**Extracted data:**
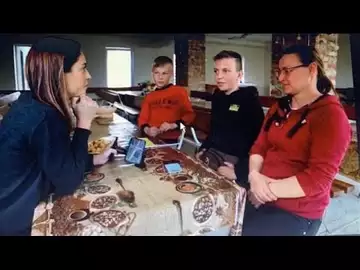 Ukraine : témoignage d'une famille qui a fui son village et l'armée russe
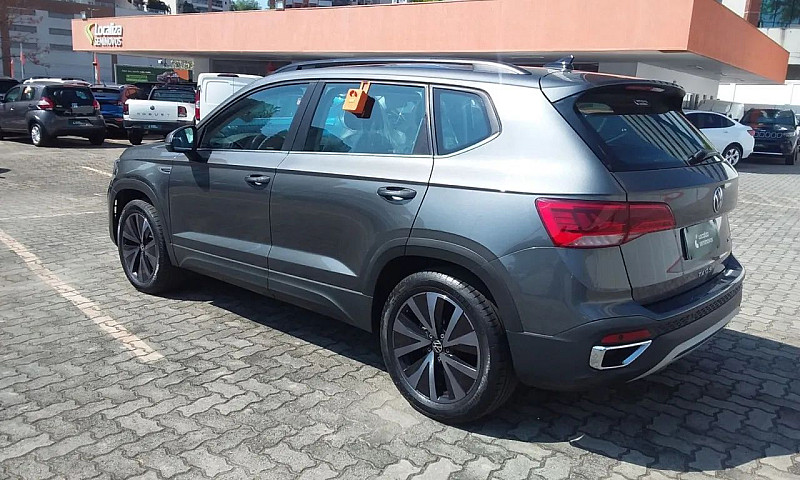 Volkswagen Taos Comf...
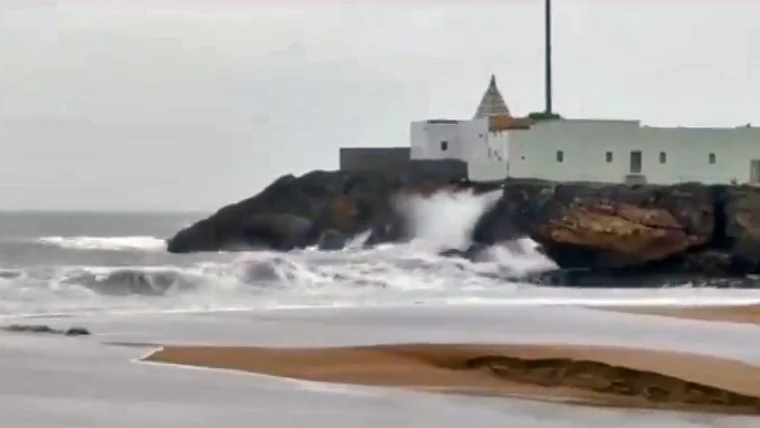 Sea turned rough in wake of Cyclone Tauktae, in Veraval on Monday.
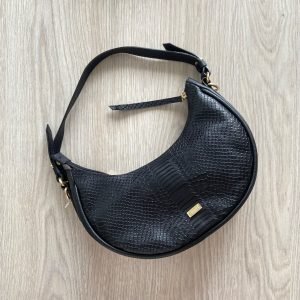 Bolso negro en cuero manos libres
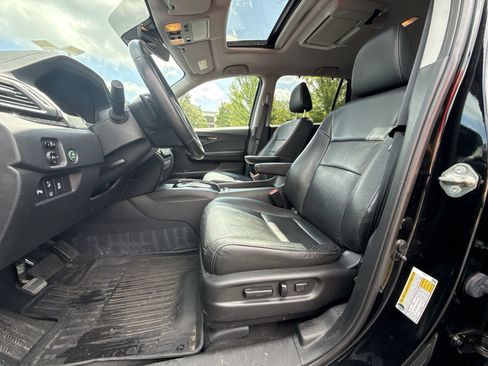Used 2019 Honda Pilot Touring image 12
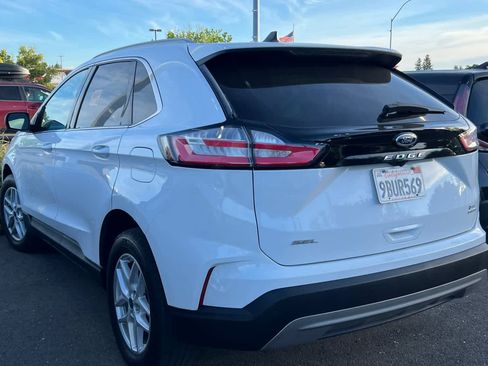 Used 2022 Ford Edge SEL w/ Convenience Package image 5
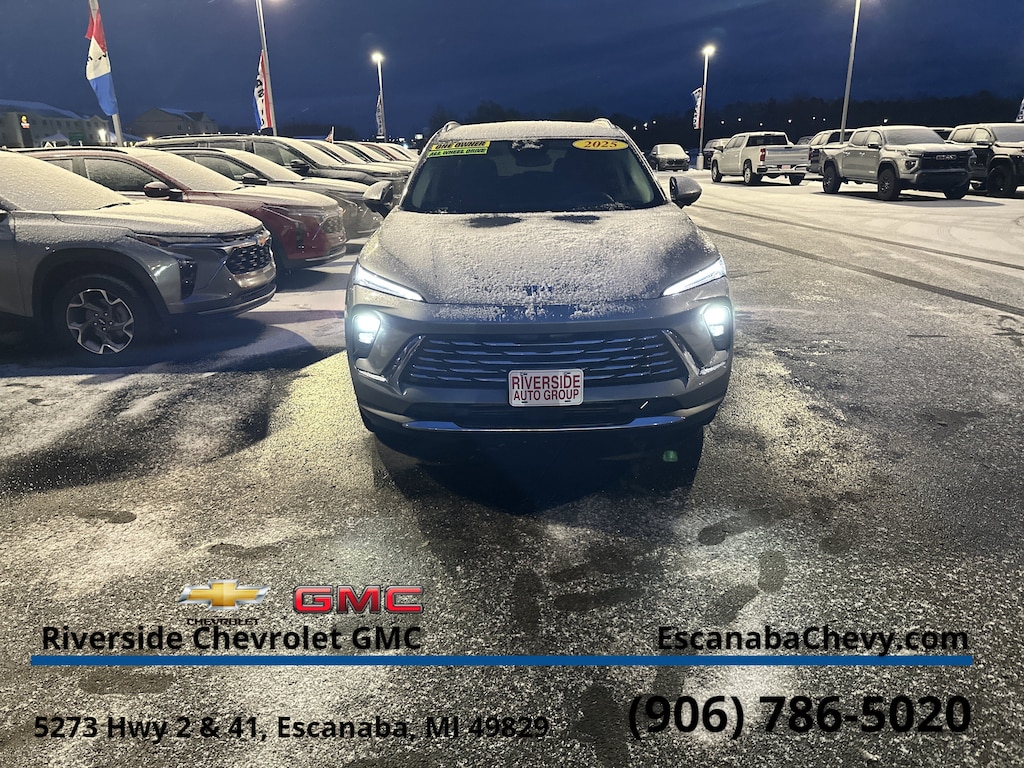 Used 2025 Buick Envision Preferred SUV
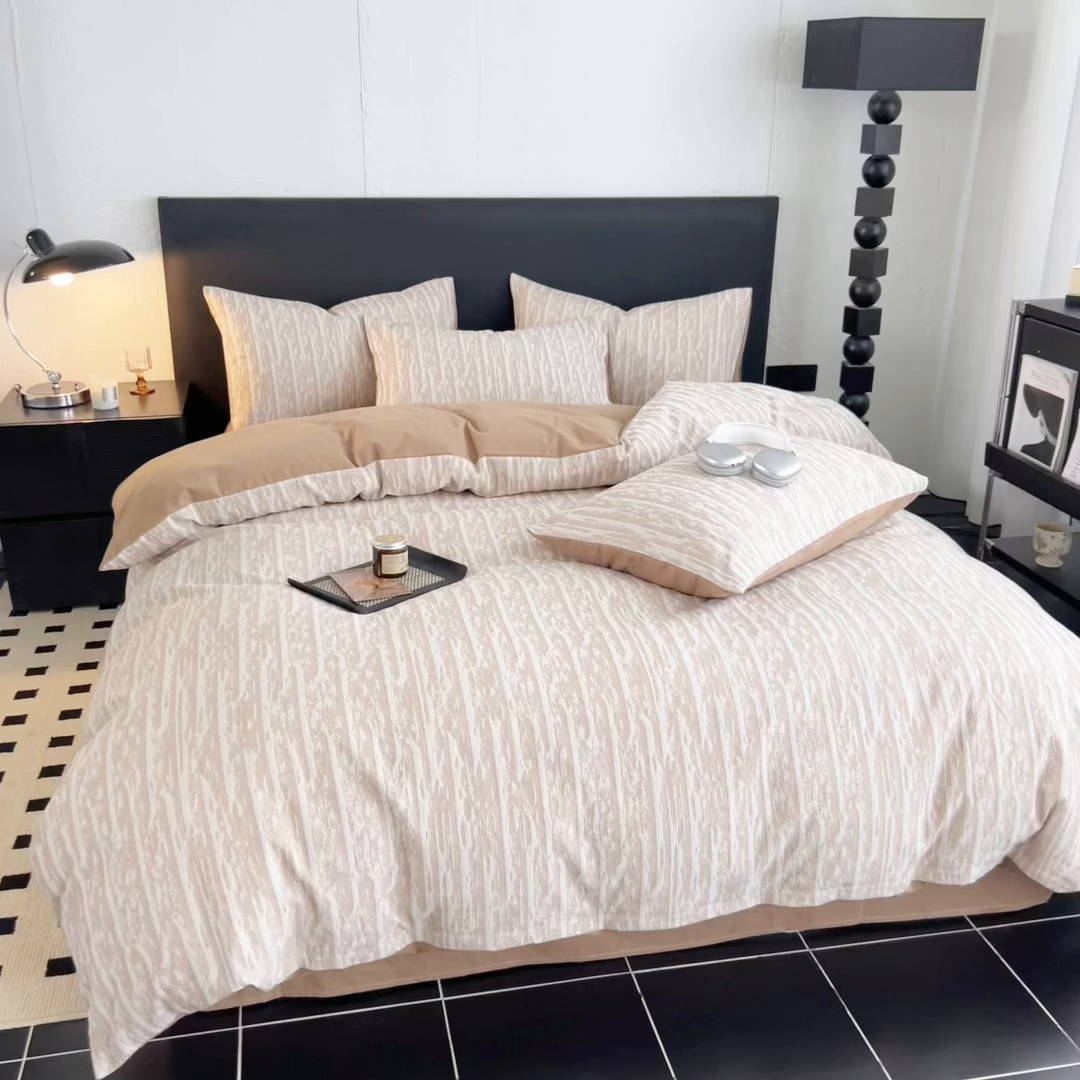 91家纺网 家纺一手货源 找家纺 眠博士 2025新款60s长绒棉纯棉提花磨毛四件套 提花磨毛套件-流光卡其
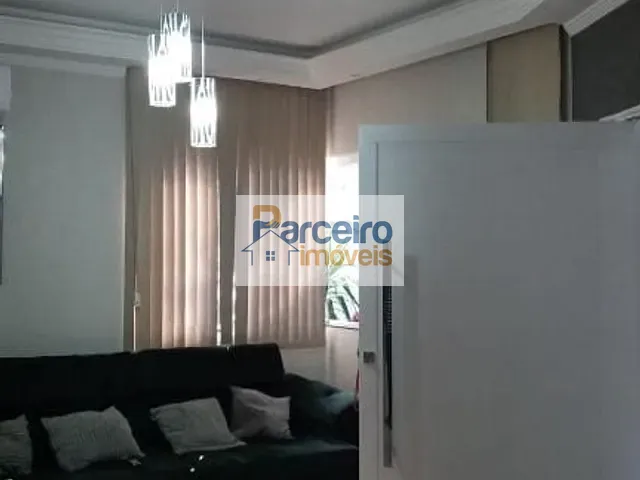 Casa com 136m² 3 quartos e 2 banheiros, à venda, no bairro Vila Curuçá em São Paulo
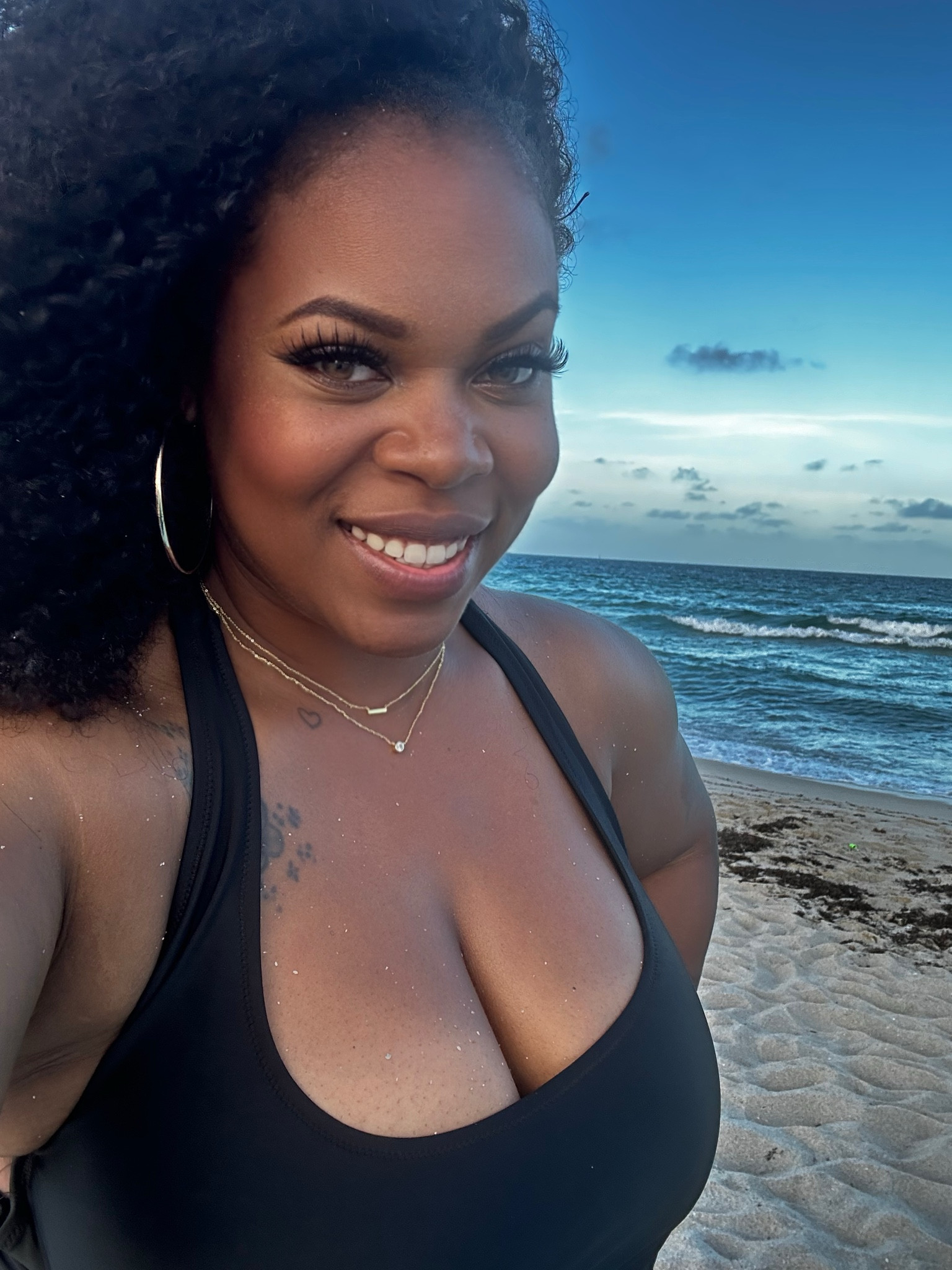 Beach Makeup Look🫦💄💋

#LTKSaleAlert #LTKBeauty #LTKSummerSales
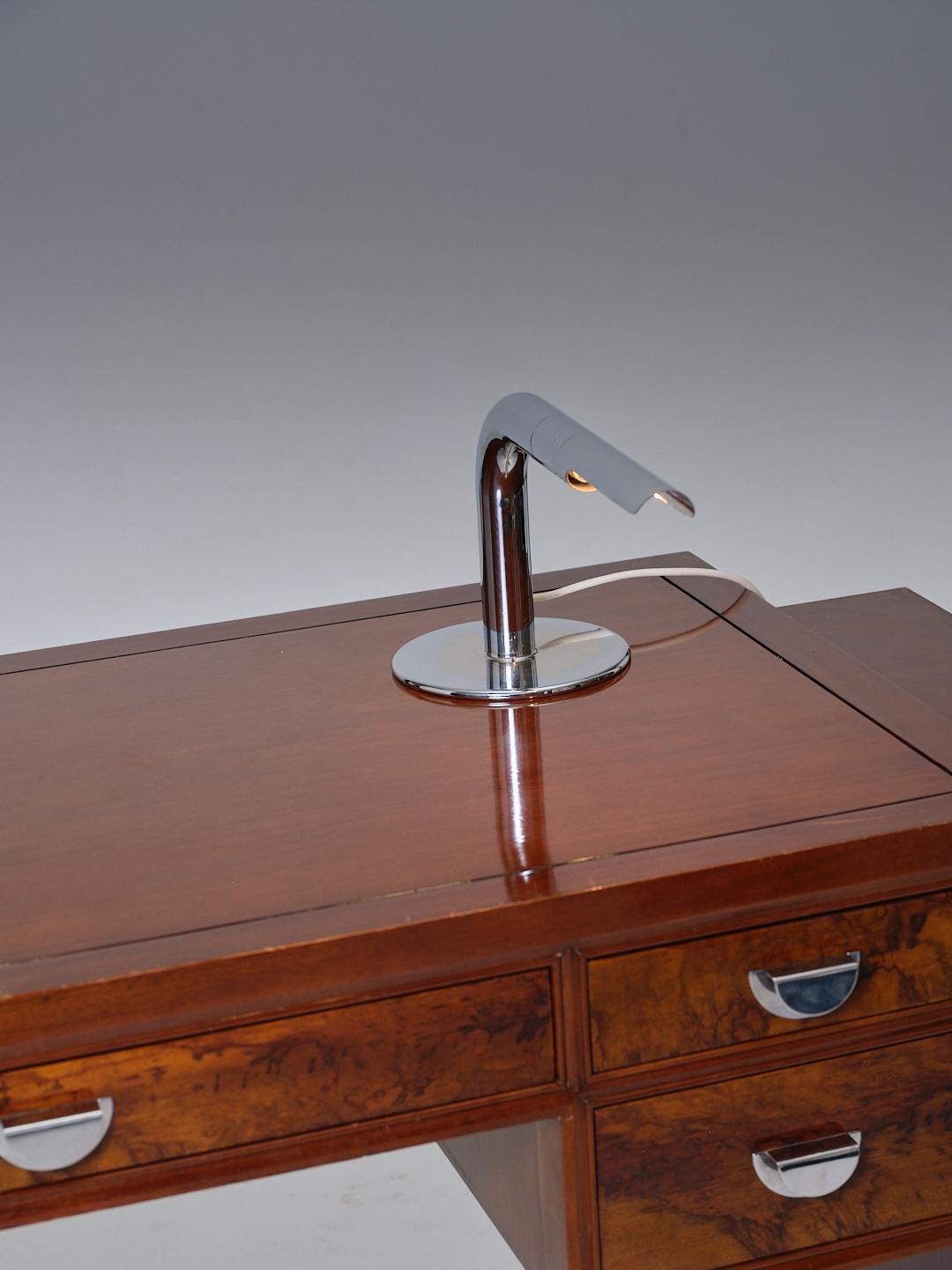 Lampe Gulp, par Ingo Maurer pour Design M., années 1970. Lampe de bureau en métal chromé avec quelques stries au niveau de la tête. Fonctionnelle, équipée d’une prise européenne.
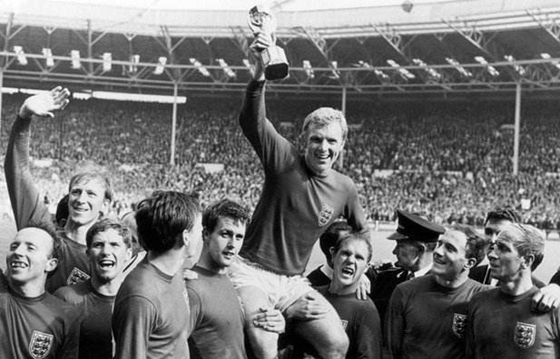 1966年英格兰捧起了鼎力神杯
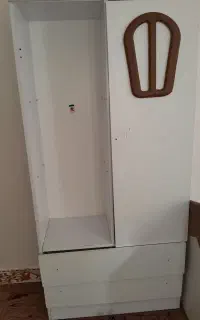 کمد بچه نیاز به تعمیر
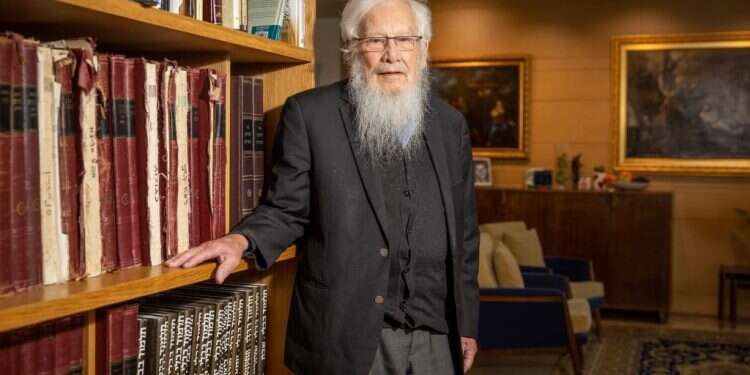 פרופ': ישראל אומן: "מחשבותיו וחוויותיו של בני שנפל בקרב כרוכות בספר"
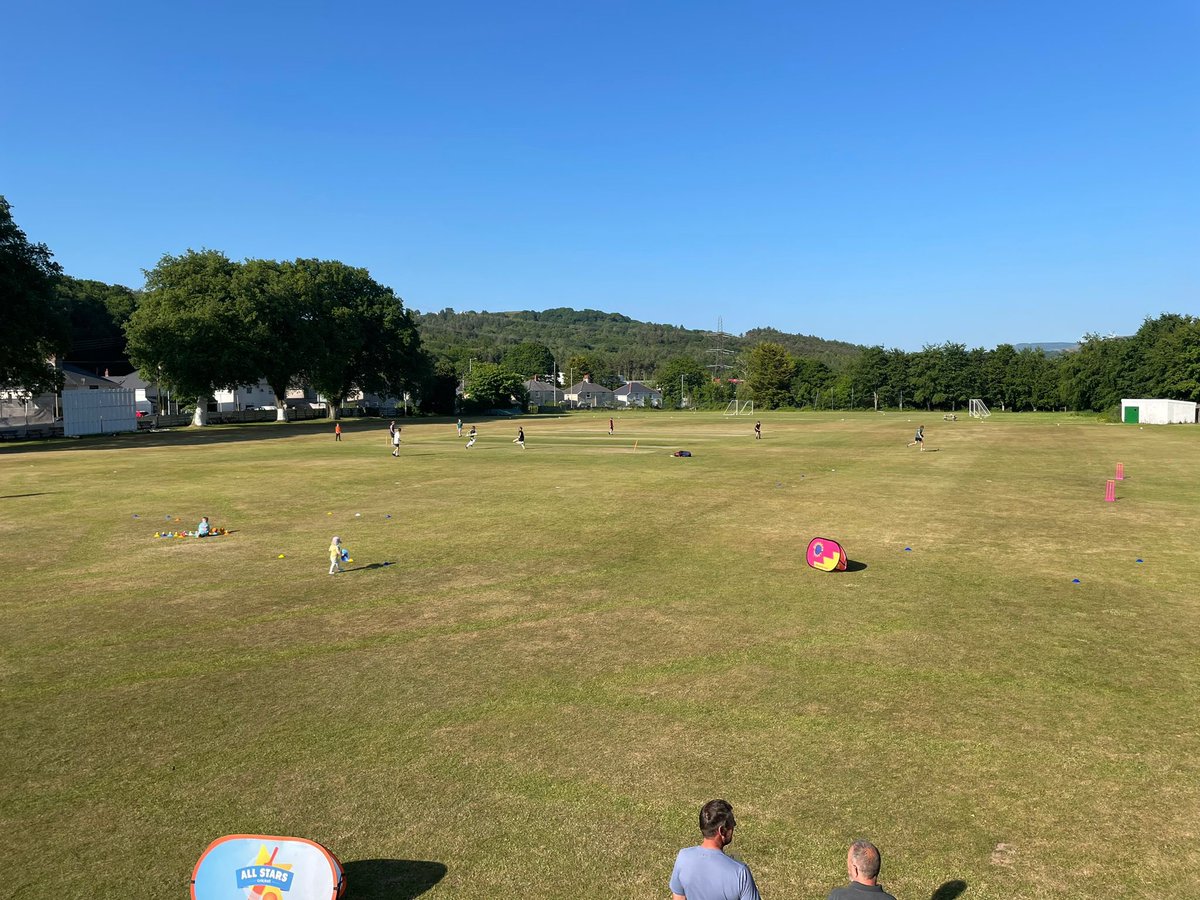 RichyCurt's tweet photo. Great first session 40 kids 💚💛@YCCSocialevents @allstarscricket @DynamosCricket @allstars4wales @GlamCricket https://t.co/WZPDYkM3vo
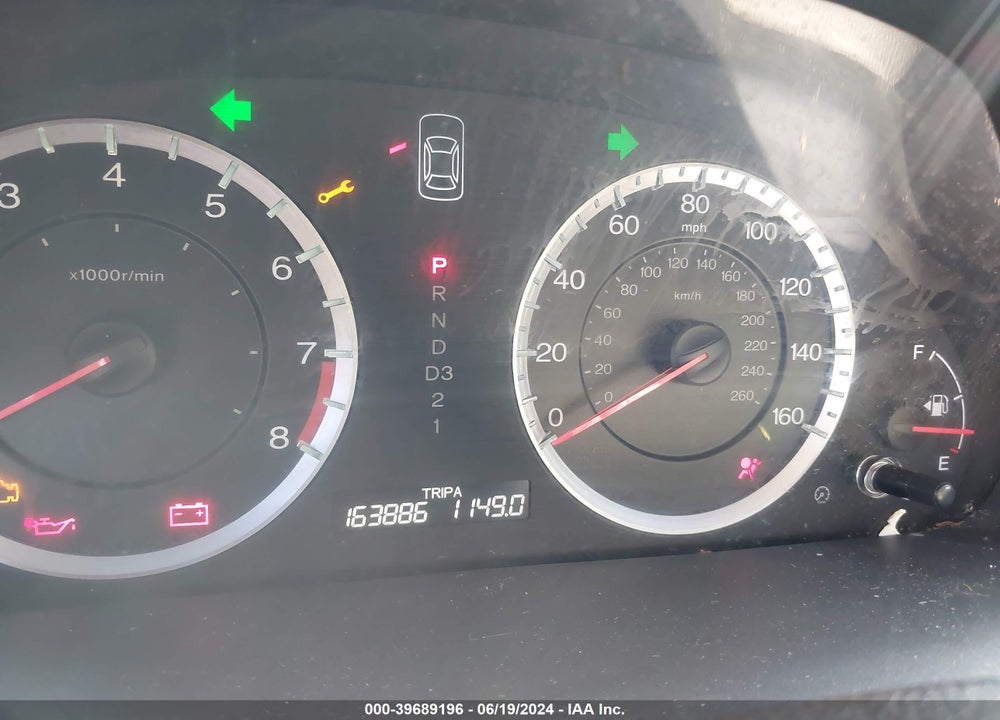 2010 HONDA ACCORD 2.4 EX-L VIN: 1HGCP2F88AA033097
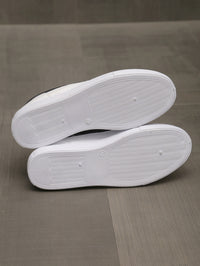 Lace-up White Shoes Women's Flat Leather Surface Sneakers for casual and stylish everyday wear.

**Work item:**
In the listing above, find the line containing "Casa com 136m²" and the line containing "וחוויותיו של בני". Print those two lines and every line between them exactly, with no pictures.

**Output of the exercise:**
 Casa com 136m² 3 quartos e 2 banheiros, à venda, no bairro Vila Curuçá em São Paulo
 Beach Makeup Look🫦💄💋

#LTKSaleAlert #LTKBeauty #LTKSummerSales
 Lampe Gulp, par Ingo Maurer pour Design M., années 1970. Lampe de bureau en métal chromé avec quelques stries au niveau de la tête. Fonctionnelle, équipée d’une prise européenne.
 1966年英格兰捧起了鼎力神杯
 کمد بچه نیاز به تعمیر
 פרופ': ישראל אומן: "מחשבותיו וחוויותיו של בני שנפל בקרב כרוכות בספר"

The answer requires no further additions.